What the task asks:
Only a slice of the listing below is wanted. Retype the lines from the one containing "The pathophysiologic presentation" through the one containing "Watch Eye Without a Face Trailer", exactly, both ends included.

Supplied entries:
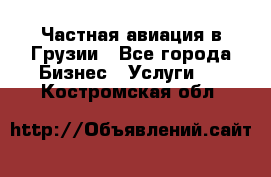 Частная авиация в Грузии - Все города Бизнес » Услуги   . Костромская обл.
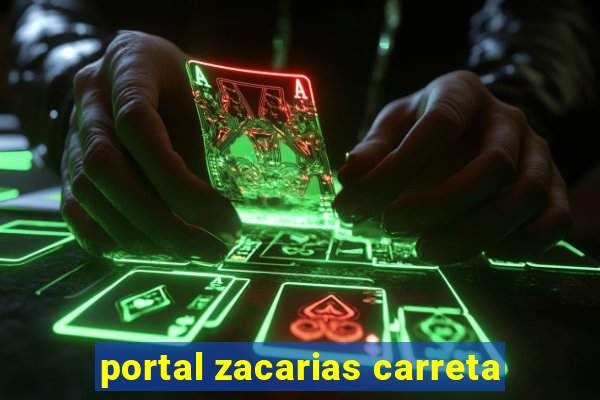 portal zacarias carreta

==

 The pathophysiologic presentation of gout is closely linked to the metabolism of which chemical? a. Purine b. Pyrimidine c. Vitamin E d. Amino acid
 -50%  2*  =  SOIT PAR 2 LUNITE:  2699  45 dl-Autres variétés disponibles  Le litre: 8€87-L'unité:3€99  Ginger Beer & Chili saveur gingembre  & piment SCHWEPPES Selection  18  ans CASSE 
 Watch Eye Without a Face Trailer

--

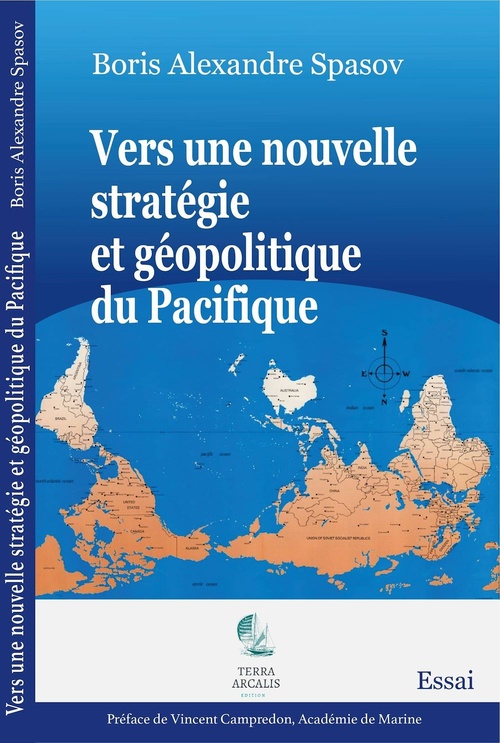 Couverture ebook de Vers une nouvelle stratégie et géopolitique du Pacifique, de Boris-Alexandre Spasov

Task answer:
 The pathophysiologic presentation of gout is closely linked to the metabolism of which chemical? a. Purine b. Pyrimidine c. Vitamin E d. Amino acid
 -50%  2*  =  SOIT PAR 2 LUNITE:  2699  45 dl-Autres variétés disponibles  Le litre: 8€87-L'unité:3€99  Ginger Beer & Chili saveur gingembre  & piment SCHWEPPES Selection  18  ans CASSE 
 Watch Eye Without a Face Trailer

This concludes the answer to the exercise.